Module arrow

Source
Expand description

API for reading/writing Arrow RecordBatches and Arrays to/from Parquet Files.

See the crate-level documentation for more details.

§Example of writing Arrow record batch to Parquet file

 let ids = Int32Array::from(vec![1, 2, 3, 4]);
 let vals = Int32Array::from(vec![5, 6, 7, 8]);
 let batch = RecordBatch::try_from_iter(vec![
   ("id", Arc::new(ids) as ArrayRef),
   ("val", Arc::new(vals) as ArrayRef),
 ]).unwrap();

 let file = tempfile().unwrap();

 // WriterProperties can be used to set Parquet file options
 let props = WriterProperties::builder()
     .set_compression(Compression::SNAPPY)
     .build();

 let mut writer = ArrowWriter::try_new(file, batch.schema(), Some(props)).unwrap();

 writer.write(&batch).expect("Writing batch");

 // writer must be closed to write footer
 writer.close().unwrap();

§Example of reading parquet file into arrow record batch

let file = File::open("data.parquet").unwrap();

let builder = ParquetRecordBatchReaderBuilder::try_new(file).unwrap();
println!("Converted arrow schema is: {}", builder.schema());

let mut reader = builder.build().unwrap();

let record_batch = reader.next().unwrap().unwrap();

println!("Read {} records.", record_batch.num_rows());

§Example of reading non-uniformly encrypted parquet file into arrow record batch

Note: This requires the experimental encryption feature to be enabled at compile time.
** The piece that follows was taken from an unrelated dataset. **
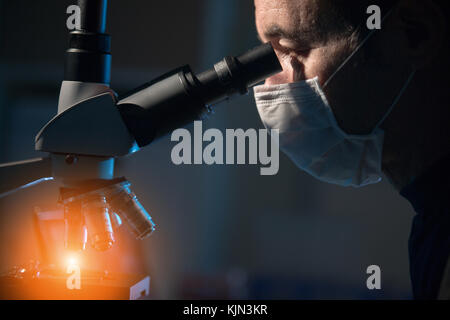 Doctor examines patient tissue samples Stock Photo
 let file = File::open(path).unwrap();

 // Define the AES encryption keys required required for decrypting the footer metadata
 // and column-specific data. If only a footer key is used then it is assumed that the
 // file uses uniform encryption and all columns are encrypted with the footer key.
 // If any column keys are specified, other columns without a key provided are assumed
 // to be unencrypted
 let footer_key = "0123456789012345".as_bytes(); // Keys are 128 bits (16 bytes)
 let column_1_key = "1234567890123450".as_bytes();
 let column_2_key = "1234567890123451".as_bytes();

 let decryption_properties = FileDecryptionProperties::builder(footer_key.to_vec())
     .with_column_key("double_field", column_1_key.to_vec())
     .with_column_key("float_field", column_2_key.to_vec())
     .build()
     .unwrap();

 let options = ArrowReaderOptions::default()
  .with_file_decryption_properties(decryption_properties);
 let reader_metadata = ArrowReaderMetadata::load(&file, options.clone()).unwrap();
 let file_metadata = reader_metadata.metadata().file_metadata();
 assert_eq!(50, file_metadata.num_rows());

 let mut reader = ParquetRecordBatchReaderBuilder::try_new_with_options(file, options)
   .unwrap()
   .build()
   .unwrap();

 let record_batch = reader.next().unwrap().unwrap();
 assert_eq!(50, record_batch.num_rows());

Re-exports§

pub use self::arrow_writer::ArrowWriter;
pub use self::async_reader::ParquetRecordBatchStreamBuilder;
pub use self::async_writer::AsyncArrowWriter;

Modules§

arrow_reader
Contains reader which reads parquet data into arrow [RecordBatch]
arrow_writer
Contains writer which writes arrow data into parquet data.
async_reader
async API for reading Parquet files as [RecordBatch]es
async_writer
async API for writing [RecordBatch]es to Parquet files
buffer 🔒
Logic for reading data into arrow buffers
decoder 🔒
Specialized decoders optimised for decoding to arrow format
record_reader 🔒

Structs§

ArrowSchemaConverter
Converter for Arrow schema to Parquet schema
FieldLevels
Schema information necessary to decode a parquet file as arrow [Fields]
ProjectionMask
A ProjectionMask identifies a set of columns within a potentially nested schema to project

Constants§

ARROW_SCHEMA_META_KEY
Schema metadata key used to store serialized Arrow IPC schema
PARQUET_FIELD_ID_META_KEY
The value of this metadata key, if present on Field::metadata, will be used to populate BasicTypeInfo::id

Functions§

add_encoded_arrow_schema_to_metadata
Mutates writer metadata by storing the encoded Arrow schema. If there is an existing Arrow schema metadata, it is replaced.
arrow_to_parquet_schemaDeprecated
Convert arrow schema to parquet schema
encode_arrow_schema
Encodes the Arrow schema into the IPC format, and base64 encodes it
parquet_column
Lookups up the parquet column by name
parquet_to_arrow_field_levels
Convert a parquet SchemaDescriptor to FieldLevels
parquet_to_arrow_schema
Convert Parquet schema to Arrow schema including optional metadata
parquet_to_arrow_schema_by_columns
Convert parquet schema to arrow schema including optional metadata, only preserving some leaf columns.